Silvenga commented 5 months ago

@AndreLOWestphal if you got the TPM from Aliexpress - I would assume it's fake. TPM's handle sensitive data, I would only use a genuine TPM from a reputable seller - so from your motherboard vendor's website.

AndreLOWestphal commented 5 months ago

@maurice-w Interesting, my board is a gigabyte h87-d3h, my Bios is currently F8, when I run tpm.msc, it says it doesn't identify tpm 1.2 or higher, even then it wouldn't support it? I can't find anything about it on the manufacturer's website.

AndreLOWestphal commented 5 months ago

@Silvenga Ok, where would I find the genuine part because in all places and websites I find the same SLB9665TT20 chip which also seems to be the one used by the manufacturer gigabyte, however, I can't find an original anywhere.

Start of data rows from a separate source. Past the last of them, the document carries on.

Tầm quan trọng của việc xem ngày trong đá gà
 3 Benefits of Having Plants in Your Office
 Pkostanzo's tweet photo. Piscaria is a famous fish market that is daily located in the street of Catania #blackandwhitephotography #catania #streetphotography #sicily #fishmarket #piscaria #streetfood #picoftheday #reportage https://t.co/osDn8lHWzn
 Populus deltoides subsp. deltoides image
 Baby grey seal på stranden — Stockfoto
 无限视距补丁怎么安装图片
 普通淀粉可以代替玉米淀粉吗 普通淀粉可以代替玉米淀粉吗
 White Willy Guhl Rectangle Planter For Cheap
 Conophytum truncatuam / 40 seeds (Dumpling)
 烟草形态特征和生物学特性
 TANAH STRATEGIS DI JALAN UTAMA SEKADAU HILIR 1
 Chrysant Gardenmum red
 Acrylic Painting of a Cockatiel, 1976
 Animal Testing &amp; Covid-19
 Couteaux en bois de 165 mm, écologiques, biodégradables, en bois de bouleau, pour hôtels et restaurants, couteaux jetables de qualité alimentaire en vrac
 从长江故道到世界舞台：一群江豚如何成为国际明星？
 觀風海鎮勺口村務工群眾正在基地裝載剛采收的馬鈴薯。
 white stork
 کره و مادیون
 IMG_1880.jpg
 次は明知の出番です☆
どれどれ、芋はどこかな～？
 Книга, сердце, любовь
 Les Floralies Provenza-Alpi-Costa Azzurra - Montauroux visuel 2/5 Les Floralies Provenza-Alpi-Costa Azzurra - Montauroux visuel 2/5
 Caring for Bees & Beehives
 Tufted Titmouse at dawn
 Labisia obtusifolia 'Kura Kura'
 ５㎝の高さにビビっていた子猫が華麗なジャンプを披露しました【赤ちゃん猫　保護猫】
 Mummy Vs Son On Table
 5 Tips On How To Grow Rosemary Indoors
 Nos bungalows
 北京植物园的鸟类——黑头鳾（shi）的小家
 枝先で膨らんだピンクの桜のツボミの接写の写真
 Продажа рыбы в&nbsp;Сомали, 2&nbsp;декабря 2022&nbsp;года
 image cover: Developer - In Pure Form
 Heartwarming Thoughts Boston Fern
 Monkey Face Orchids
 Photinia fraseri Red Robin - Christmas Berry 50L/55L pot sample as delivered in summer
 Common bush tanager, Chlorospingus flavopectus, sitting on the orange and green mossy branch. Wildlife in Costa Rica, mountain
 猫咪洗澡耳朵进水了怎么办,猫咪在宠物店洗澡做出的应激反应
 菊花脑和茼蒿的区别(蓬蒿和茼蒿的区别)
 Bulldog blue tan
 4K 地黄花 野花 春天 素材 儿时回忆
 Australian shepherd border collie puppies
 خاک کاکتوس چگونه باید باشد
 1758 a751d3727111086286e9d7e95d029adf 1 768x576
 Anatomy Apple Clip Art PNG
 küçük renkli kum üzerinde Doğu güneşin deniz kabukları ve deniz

maurice-w commented 5 months ago

@AndreLOWestphal That's a 11 years old consumer mainboard, it's unlikely to support TPM 2.0. If there's a newer BIOS version available, try it. But unless the release notes explicitly mention TPM 2.0 support, don't get your hopes up.

felipemottan commented 5 months ago

@AndreLOWestphal I had some issues similar to yours when I plugged in my new TPM on my Asrock X99 Motherboard for the first time. What worked for me was to clear the whole CMOS (UEFI) and configure everything from the scratch. Do not restore a save UEFI profile. Afterwards, Windows could properly recognize the TPM for use and updates.

AndreLOWestphal commented 5 months ago

@felipemottan So at first I returned to Windows 10 because of studies, now I'm going to try to resolve it again, Gigabyte gave me feedback, saying that even though the board is 11 years old, it is capable of reading TPM 2.0 when updating the BIOS for the 2015 f10 firmware. , in this case mine is the 2011 f8, so I'll give it another study and check the update and I'll try this way if new errors appear.